I do most my sharpening in a vise by hand with a new file and make sure its the right size- I have also screwed up several chains- keep count of strokes- keep same angle - file drags - then you have to turn around and do it the other direction > it takes practice.
You know one thing no one has mentioned the easy way you can buy a new chain pretty cheap and its sharp and ready to go - you will spend 30 minutes sharpening
Keep it out of the rocks and dirt
Ron
Who Ever Has The Biggest Pile Of Tools When You Die Wins
A few additions:
Put the BAR of the saw in a vise, close to the engine, so that you can rotate the chain as you work, and the angles will be pretty much the same for each stroke. If you can't, you can do this on a benchtop, or even the ground.
Mark a tooth before you start so you know when you're back to the first tooth. I use a red Sharpie.
The direction of the teeth alternates; do one direction, then the other, rather than one left then one right. Helps keep your angle consistent.
Different chains use different sizes and shapes of files. Make sure yours match.
You can carefully guage the sharpness of a given tooth with your finger; draw your finger very lightly across the sharpened corner of the tooth; it'll catch at your finger if it's sharp, but you just feel like you're touching a corner if it's not. In spite of this, do wear gloves. Take 'em on and off if you do this test rather than leaving them off for convenience's sake.
There IS a learning curve to it, but if you're thoughtful, you'll nail it the first time.

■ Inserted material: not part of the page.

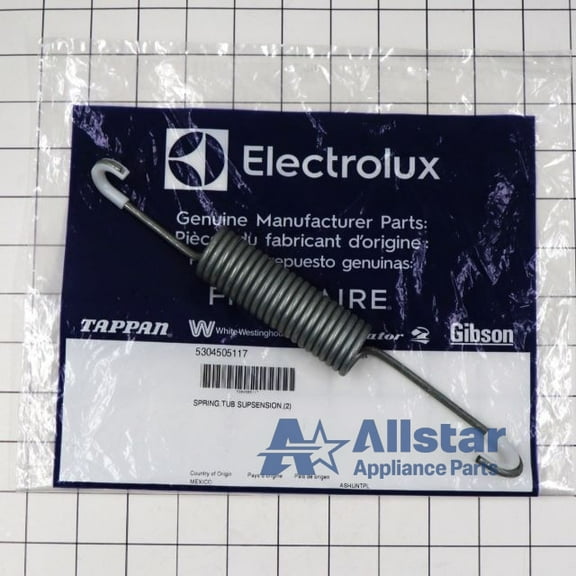 Frigidaire Washing Machine Suspension Spring 5304505117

I didn't read the posts above very carefully, sorry if I duped any info.
Good luck,
Charlie
I can tell there is some good info here, although I'm still lost. First thing is to find out which chain I have - It is an Oregon chain but the numbers don't quite match up with info from Oregon manuals. I found a 91VG but my packaging says 91VJ. I'll have to wait till Monday and call their support number. I don't want to screw up a chain and I'm just not sure how to match the file up the chain's angles yet.
I'll have to take it to someone who professionally sharpens chains and pay real close attention if they'll let me.
Thanks,
Richard
Chain saw files are sized in inch fractionals. One can match a drill bit curvature to the curvature on the tooth face to determine the proper size.
Tom
Hey Tom -
Back in Tulsa I used to be a Scoutmaster for a boy scout troop. Our troop cut and sold firewood in the winter months as a way to earn expenses for a summer trip to Colorado.

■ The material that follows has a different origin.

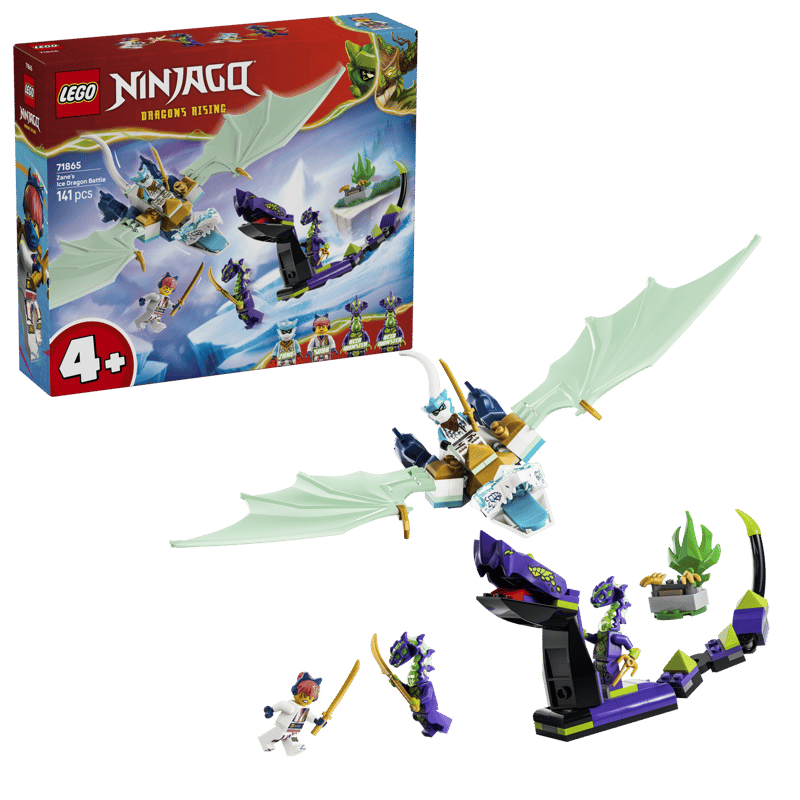 Zane's Ice Dragon Battle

I had a 24" Husqvarna and my bud had a 24" Stihl. I had a home made hydraulic splitter.
He and I would fall the trees and section them up and the dads that came out for the weekend would cut up the branches with their little Poulands. Was a real laugh to see them grinding away on a limb throwing out nothing but fine dust. We'd generally let them go an hour or two then sharpen the blade for them.

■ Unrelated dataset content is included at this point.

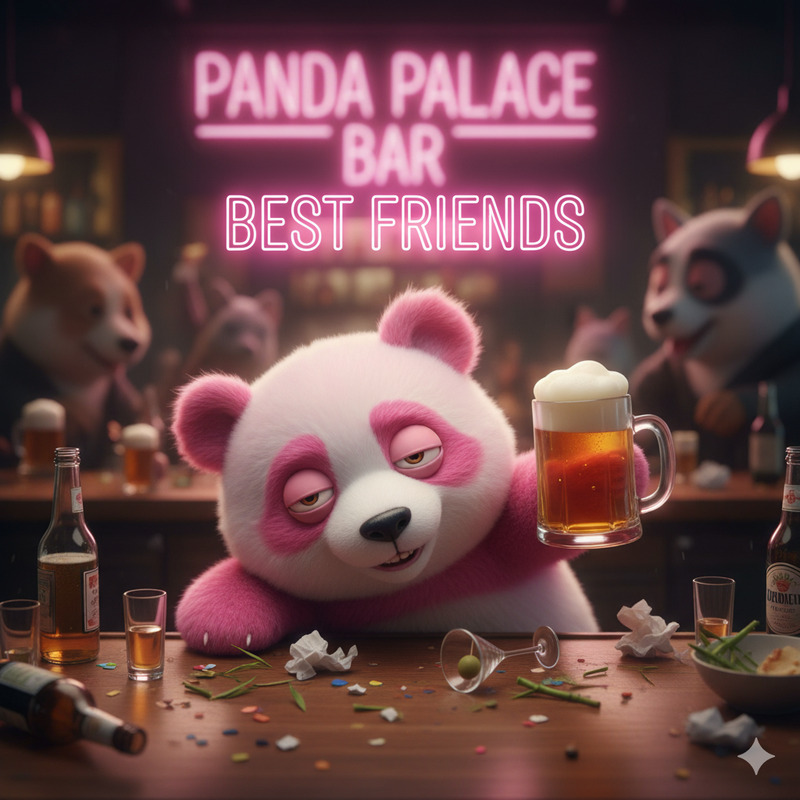 30〜40代中心🐼気軽に飲んで語れるBEST FRIENDSサークル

The boys in the troop did all the non sawing work. The Eagle Scout candidates got to run the splitter.
Anyway, the troop would make $2500 to $3000 in a winter which financed a trip to the mountains the following summer. We did that for 5 years and it was extremely enjoyable.
My Husqvarna is now 25+ years old and won't start now till the 2nd or 3rd pull. :) Not counting bars and chains and oil and gas, I think I've spent about $100 on it since I've had it.
PlaneWood by Mike_in_Katy (maker of fine sawdust!)PlaneWood
Anybody who's experienced with an electric 4" grinder KNOWS that its the fastest and often best way to sharpen chains. Key words are "experienced", meaning that you don't burn the steel, you keep the correct angles etc. Remember, you're not cutting dovetails - just lumber. - JB
I agree, a dedicated sharpener works very well and very quickly. Used properly it can save a ton of time and effort and as an added bonus, saves a lot of time in the field.
And it is definitely easier to get straight cuts when the chains have been sharpened on a dedicated chain sharpener.
We usually use our chains for a little while and just touch up the chisel points lightly with a hand file. Do this often enough and it will save a ton of wear on your body because the saw will cut on it's own (as opposed to putting your entire body weight into it just to make a cut).